I will create 5 models for using each technique with differing parameters.

In [12]:
# Define the Random Forsest models for different n_estimators.
model_RF1 = RandomForestClassifier(n_estimators = 100, random_state = 0)
model_RF2 = RandomForestClassifier(n_estimators = 200, random_state = 0)
model_RF3 = RandomForestClassifier(n_estimators = 300, random_state = 0)
model_RF4 = RandomForestClassifier(n_estimators = 400,  random_state = 0)
model_RF5 = RandomForestClassifier(n_estimators = 500, random_state = 0)

# Define the XGBoost models for different n_estimators.
model_XGB1 = XGBClassifier(n_estimators = 100, learning_rate = 0.05, random_state = 0)
model_XGB2 = XGBClassifier(n_estimators = 200, learning_rate = 0.05, random_state = 0)
model_XGB3 = XGBClassifier(n_estimators = 300, learning_rate = 0.05, random_state = 0)
model_XGB4 = XGBClassifier(n_estimators = 400, learning_rate = 0.05, random_state = 0)
model_XGB5 = XGBClassifier(n_estimators = 500, learning_rate = 0.05, random_state = 0)

## Model Testing
Next I will create a score_model function that uses mean absolute error between the predictions based on the X-valid data (calculated using the model trained on the X_train_mycol and y_train data) and the y_valid data.
The model that gives the lowest mean absolute error should be considered the best model.

In [13]:
def score_model(model, X_t=X_train_mycol, X_v=X_valid_mycol, y_t=y_train, y_v=y_valid):
    my_pipeline = Pipeline(steps=[('preprocessor', preprocessor),
                                  ('model', model)
                                 ])
    my_pipeline.fit(X_t, y_t)
    preds = my_pipeline.predict(X_v)
    return mean_absolute_error(y_v, preds)

#create set of all the combined models and then iterate through them calculating their mean absolute error.
models = [model_RF1, model_RF2, model_RF3, model_RF4, model_RF5, model_XGB1, model_XGB2, model_XGB3, model_XGB4, model_XGB5]
for i in range(0, len(models)):
    mae = score_model(models[i])
    print("Model " + str(i+1) + " MAE: " + str(mae))

Model 1 MAE: 0.13966480446927373
Model 2 MAE: 0.13966480446927373
Model 3 MAE: 0.1340782122905028
Model 4 MAE: 0.12849162011173185
Model 5 MAE: 0.12849162011173185
Model 6 MAE: 0.16201117318435754
Model 7 MAE: 0.1452513966480447
Model 8 MAE: 0.13966480446927373
Model 9 MAE: 0.13966480446927373
Model 10 MAE: 0.1452513966480447


It appears **model_RF4** should be considered our best and final model as it is tied for having the lowest mean absolute error with more complex models. When breaking ties between models it is usually best to favor the least complex model.

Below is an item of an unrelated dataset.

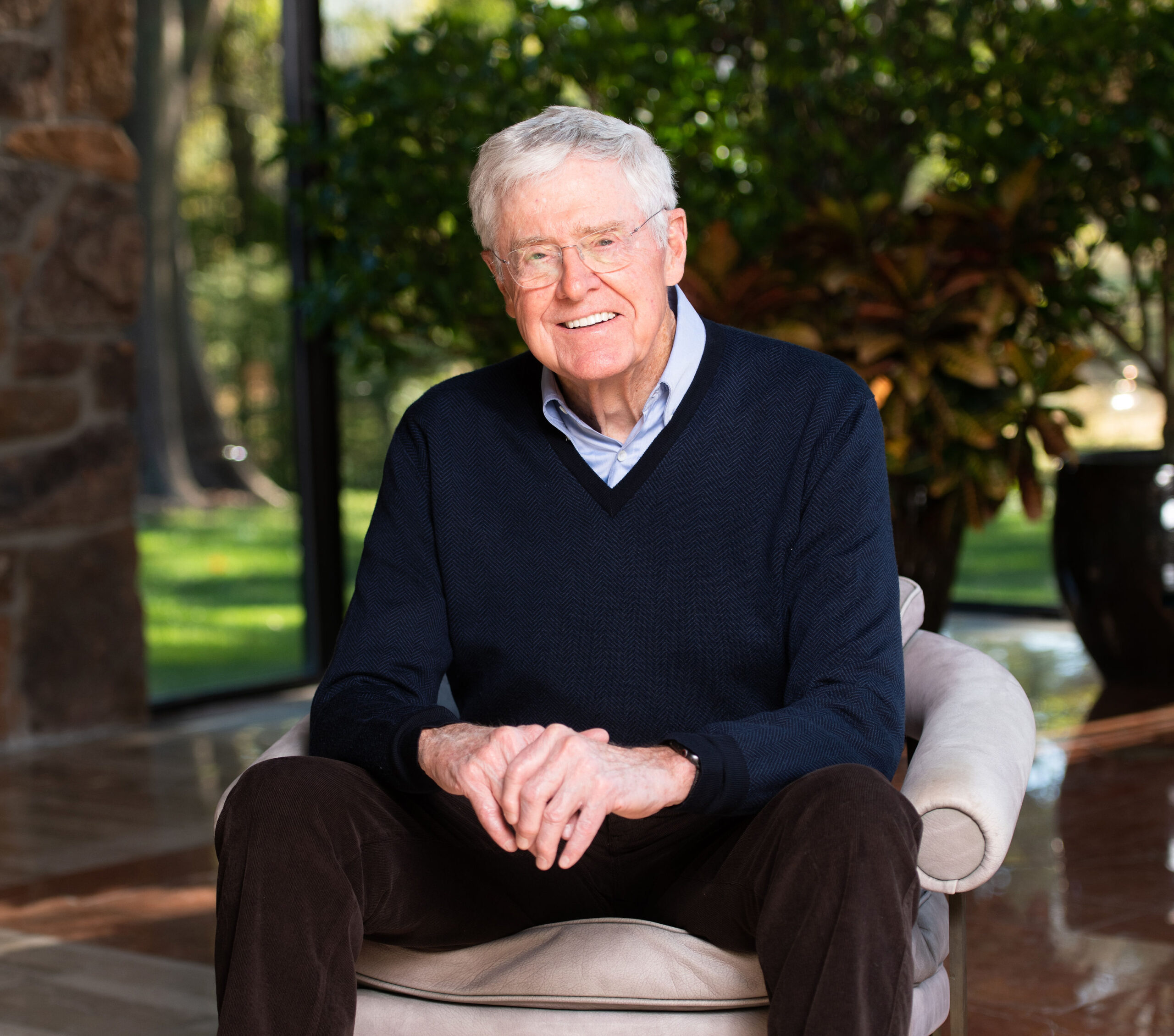 Charles Koch: The Visionary Philanthropist and Business Magnate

## Creating and Fitting the Final Model
I will now create the final model, once again calculate its mean absolute value under its new final model name, and then use the **X_test** data to predict the survival fate of all the passengers in the **X_test** dataset. An **output** dataset consisting of the PassengerIds and predicted Survial values will be created and submitted to the Kaggle compition.


In [14]:
#Creating our Final Model.
model_final = RandomForestClassifier(n_estimators = 400,  random_state = 0)

In [15]:
# Bundle preprocessing and modeling code in a pipeline
my_pipeline = Pipeline(steps=[('preprocessor', preprocessor),
                              ('model', model_final)])

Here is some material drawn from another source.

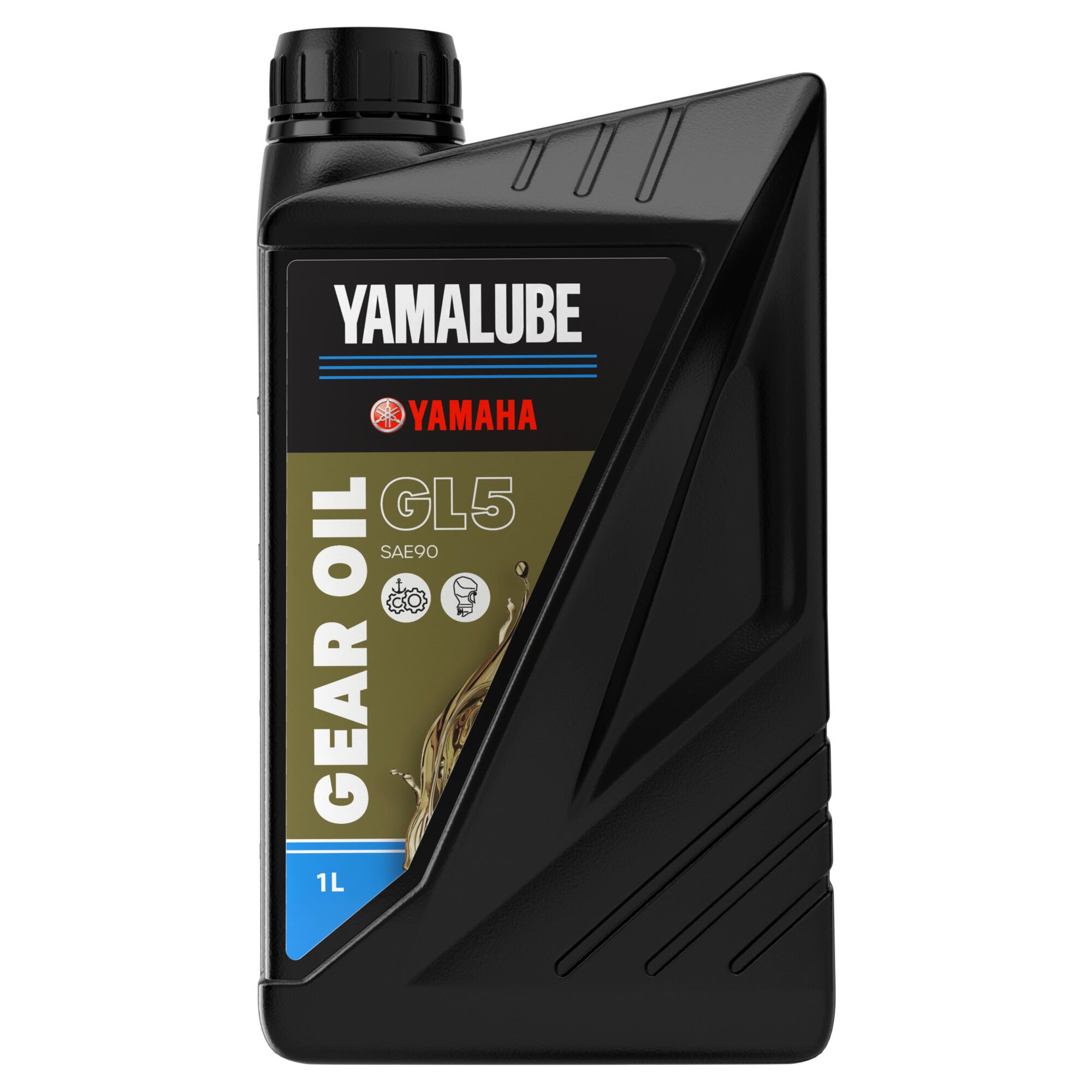 HUILE D’EMBASE YAMALUBE® SAE90 GL5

# Preprocessing of training data, fit model 
my_pipeline.fit(X_train_mycol, y_train)

# Preprocessing of validation data, get predictions
preds = my_pipeline.predict(X_valid_mycol)

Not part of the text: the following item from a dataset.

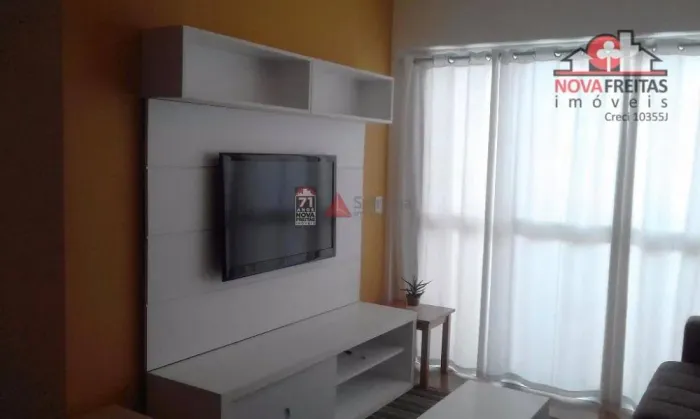 Apartamento para Locação no Jardim Esplanada II em SJC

# Evaluating the model under the new "final model" name
score = mean_absolute_error(y_valid, preds)
print('MAE:', score)

MAE: 0.12849162011173185


In [16]:
# Preprocessing of test data, fit model using the X_test_mycol dataset
preds_test = my_pipeline.predict(X_test_mycol)

In [17]:
#Create the output dataset and take a quick look at it.
output = pd.DataFrame({'PassengerId': test_data.PassengerId, 'Survived': preds_test})
output.head()

Unnamed: 0,PassengerId,Survived
0,892,0
1,893,0
2,894,0
3,895,0
4,896,0


In [18]:
#Submit the output dataset.
output.to_csv('submission.csv', index=False)
print("Your submission was successfully saved!")

Your submission was successfully saved!